Where to even begin....With the largest thank you to everyone is the best place to start....My life has been turned upside down and the shock is still strongly there. Posting anything is incredibly difficult right now, so please bare with me. I am in tears sitting here, so as I am able to cope better, I will post more...I need everyone to know though how thankful and grateful Chris and I are...We are going through the most difficult thing we have been faced with and the support from all of you is what is keeping us going...I feel like I have lost my life, my identity, and to even begin to pick up the pieces seems nearly impossible...My life was truly in that barn...Scooby...Kaz....they were everything to me..everything. I loved Scooby more than any horse I have ever met. The only horse to ever even come close to my love of Scooby, was Kazzy....and to lose them both, in this manner...is just unimaginable. My heart has been torn out and stomped all over...They deserved so much better...all of the horses in the barn did. They were all wonderful and we all took such good care of them. As I am able to cope a little better, I will be posting pictures and info on all of them...they all had a special place in our hearts...

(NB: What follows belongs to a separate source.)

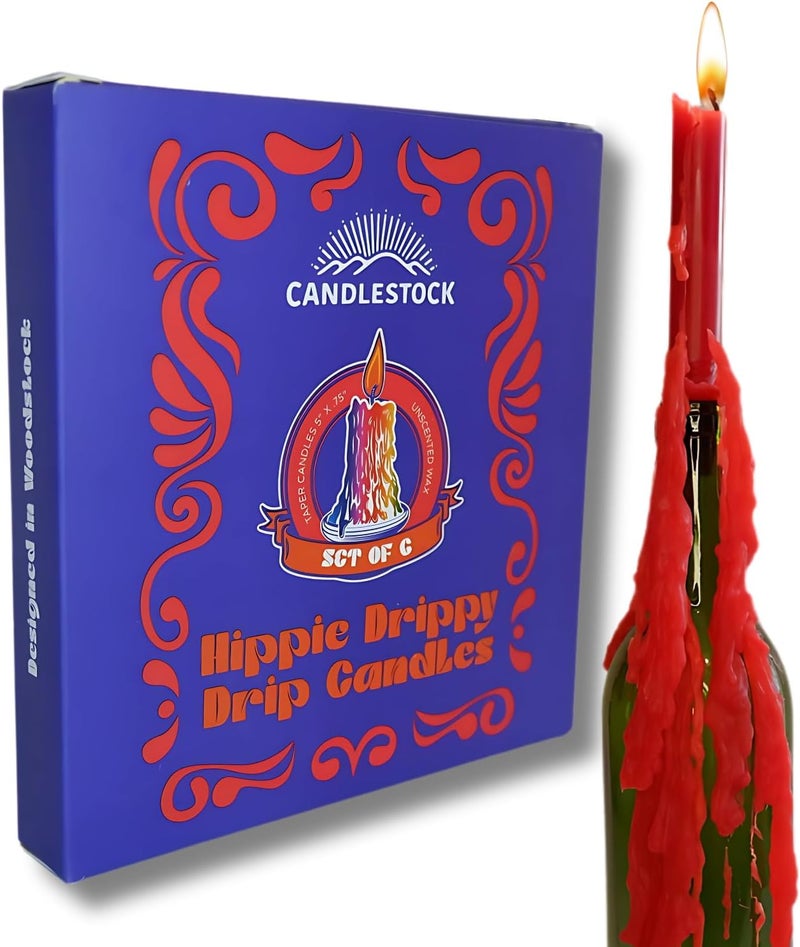 Candlestock Hippie Drippy Drip Candles - Pack of 6 Dripping Taper - Wine Bottle Melting Candles (Red) - Image 1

Chris and I will be forever and ever grateful for everyone's support. You are what is keeping us going. I don't want my cherished horses forgotten...I need to keep them alive and loved in spirit...We spend a lot of time checking out the facebook page that our dear friend Shane has put together...I can never thank Shane enough for getting the word out and bringing in all of this support for us....All of the kind words people have to say have been lifting our spirits like none other. And the donations....I can not express my gratitude enough for them. I feel so guilty even taking them, but we lost everything....Horribly, I let Scooby's insurance lapse because of the cost of the new policy for this year. I was planning to pick it back up in March when competitions began....he has always been insured..from the moment I purchased him off of the track, and to let it lapse for even a couple months, was incredibly stupid...please learn from my mistake...it's a sad situation to even have to think about finances in a time of tragedy...
I will be posting again in the next week...We will be burying our beloved ponies tomorrow or Saturday. It is so heartbreaking to know that I will never see Scooby again....I go to see their remains everyday...it is the only thing that has given me any closure...Everyone handles grief differently, but I needed to know what they went through and I want them to know that I am still here for them...all of them...I will never be the same after experiencing this tragedy. To have to stand by and watch a fire tear through our barn, knowing my babies were in there...it will forever haunt me...At the moment Chris woke me up Sunday, January 15 at 1:45 am.....my life was changed. I promise though, I will put all of the donations and love into a new horse/horses and rebuilding what we lost. With everyone's support, I will be out there again in our signature blue and pink. I know Scooby wants me to move forward and accomplish my dreams...please, if you ever recognize Chris or I at a show, please, please approach us...We want to thank and hug every person out there who is rooting for us....We love all of you.....more than you will ever know...
Becky
First off Rebecca, I am so sorry to hear about his tragedy. I can't even begin to imagine what you are going through. You're so brave to still want move on in the horse industry. I honestly feel that if I lost my OTTB in that way, I wouldn't even be able to touch another horse...It would tear me to pieces. You desire to continue & pick up the pieces is truely inspiring.
ReplyDeleteI don't know what I can say to lessen the pain, but I wish you all the luck in the world.
As a trainer myself, I can understand the devastation of losing all your tack as well. Our livelihood is in our tack room.
Please tell me, anything you need that I can send you. I'd love to help you start to rebuild.
-Nikki Egyed, Silver Shadow Training.
i am sitting in tears, after reading your blog and hearing about what happened. my sincere condolences go to all of you, i cannot imagine the pain and grief you must be feeling. All i can say, is keep your head held high, stay strong and the whole of the equine world are with you. I will donate a little something when i can.